The best AI agents might be the ones with the fewest tools.
Recent case studies show a consistent pattern: agents stripped down to basic primitives, bash, file access, a single execution tool, outperform their over-engineered predecessors. Higher success rates, fewer tokens, faster responses.
Something is shifting in how we build agents.
The instinct to over-engineer
When teams first build AI agents, the instinct is to constrain. Pre-filter context so the model doesn’t get overwhelmed. Build specialized tools for each task. Protect the model from complexity.
One team’s text-to-SQL agent had all of this: schema lookups, query validators, join path finders, 15+ specialized tools. Then they stripped it down to two: bash and SQL execution. The agent figured out the rest using grep, cat, and ls.
Metric | Before | After |
Tools | 15+ specialized | 2 (bash, SQL) |
Tokens | ~102k | ~61k |
Success rate | 80% | 100% |
Avg steps | 12 | 7 |
Better across every metric. By doing less.
The file system is the interface
What’s striking is where these approaches converge: the file system.
Semantic layers as directories of YAML and Markdown. Terminal output synced to local files. Tool descriptions stored as browsable code. The agent navigates context like a codebase:
semantic-layer/
├── models/
│ ├── users.yaml
│ ├── orders.yaml
│ └── products.yaml
├── metrics/
│ └── definitions.md
└── joins/
└── relationships.json
Why files? Because they’re a 50-year-old abstraction that still works. Models have seen billions of examples of navigating directories, grepping through code, reading documentation. grep isn’t a new skill we’re teaching, it’s a capability models already have.
Let the model pull what it needs
The old pattern was to stuff everything into the prompt upfront: all tool definitions, all context, all instructions. This bloats the context window and can confuse the model with too much information.
The new pattern is dynamic discovery:
Agent receives task
↓
Explores filesystem (ls, find)
↓
Searches for relevant content (grep, cat)
↓
Pulls only what it needs into context
↓
Returns result
Don’t load every tool definition, let the agent search for the ones it needs. Don’t summarize aggressively, write history to a file the agent can reference. Don’t pre-filter data, let the model grep for what’s relevant.
The efficiency gains are real. Teams have reported 40-50% fewer tokens using this approach. In some cases, dynamic tool loading cut token usage from 150,000 to 2,000. Less context upfront, better results.
Stop doing the model's thinking
There’s a philosophical shift underneath all of this.
The assumption used to be that models would get lost in complex schemas, make bad joins, hallucinate table names. So we built guardrails.
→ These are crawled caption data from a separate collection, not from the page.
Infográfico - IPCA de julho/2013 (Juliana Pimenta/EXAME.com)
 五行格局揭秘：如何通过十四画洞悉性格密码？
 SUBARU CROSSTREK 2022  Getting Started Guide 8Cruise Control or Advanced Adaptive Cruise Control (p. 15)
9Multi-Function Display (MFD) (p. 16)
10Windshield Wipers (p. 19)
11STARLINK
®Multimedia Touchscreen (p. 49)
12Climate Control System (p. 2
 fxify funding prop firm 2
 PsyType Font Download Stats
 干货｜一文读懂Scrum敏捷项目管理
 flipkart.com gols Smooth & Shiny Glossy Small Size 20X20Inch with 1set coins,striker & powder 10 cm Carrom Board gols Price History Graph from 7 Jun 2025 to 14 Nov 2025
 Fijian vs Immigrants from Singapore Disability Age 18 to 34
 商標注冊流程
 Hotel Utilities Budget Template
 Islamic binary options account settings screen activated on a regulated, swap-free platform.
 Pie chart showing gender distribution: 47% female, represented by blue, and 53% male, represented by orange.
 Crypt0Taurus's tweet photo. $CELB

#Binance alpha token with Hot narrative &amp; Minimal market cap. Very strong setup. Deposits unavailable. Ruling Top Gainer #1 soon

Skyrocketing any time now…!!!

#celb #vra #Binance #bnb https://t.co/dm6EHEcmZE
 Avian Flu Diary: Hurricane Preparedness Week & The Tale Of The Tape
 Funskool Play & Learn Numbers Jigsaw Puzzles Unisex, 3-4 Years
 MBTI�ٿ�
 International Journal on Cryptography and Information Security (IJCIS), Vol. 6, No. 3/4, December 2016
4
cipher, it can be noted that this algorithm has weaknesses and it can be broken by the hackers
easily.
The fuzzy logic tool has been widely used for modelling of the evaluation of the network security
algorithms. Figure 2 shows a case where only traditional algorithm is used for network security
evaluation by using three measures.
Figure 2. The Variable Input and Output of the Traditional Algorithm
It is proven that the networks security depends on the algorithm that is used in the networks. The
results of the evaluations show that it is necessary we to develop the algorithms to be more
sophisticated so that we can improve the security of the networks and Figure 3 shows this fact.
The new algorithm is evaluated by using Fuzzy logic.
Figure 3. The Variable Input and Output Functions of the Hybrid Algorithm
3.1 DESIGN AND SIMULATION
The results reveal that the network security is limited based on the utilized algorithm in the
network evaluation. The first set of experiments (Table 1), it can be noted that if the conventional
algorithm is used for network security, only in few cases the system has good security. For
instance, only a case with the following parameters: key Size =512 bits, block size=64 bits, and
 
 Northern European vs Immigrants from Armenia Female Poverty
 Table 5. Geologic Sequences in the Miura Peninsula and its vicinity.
But the guardrails became the problem, constraining reasoning the model could handle on its own.
As one engineering team put it: “We were doing the model’s thinking for it.”
This doesn’t mean abandoning structure. These approaches work because the underlying data is well-organized: clear naming, consistent structure, good documentation. The foundation matters. But given a solid foundation, the model needs far less scaffolding than you’d think.
Build for the model you'll have in six months
Models are improving faster than tooling can keep up. The custom retrieval logic you write today may be unnecessary in three months. The constraints you add now may become liabilities.
This suggests a different approach to agent development. Start with the simplest possible architecture: model, file system, goal. Add complexity only when you’ve proven it’s necessary. Every tool you add is a choice you’re making for the model. Sometimes the model makes better choices.
The takeaway
The pattern is clear: simpler agents, built on universal primitives, with dynamic context discovery instead of static loading.
Files. Bash. Trust the model’s reasoning.
It sounds almost too simple. But that might be the point.
The future of agent architecture isn’t more sophisticated scaffolding. It’s having the confidence to delete most of it.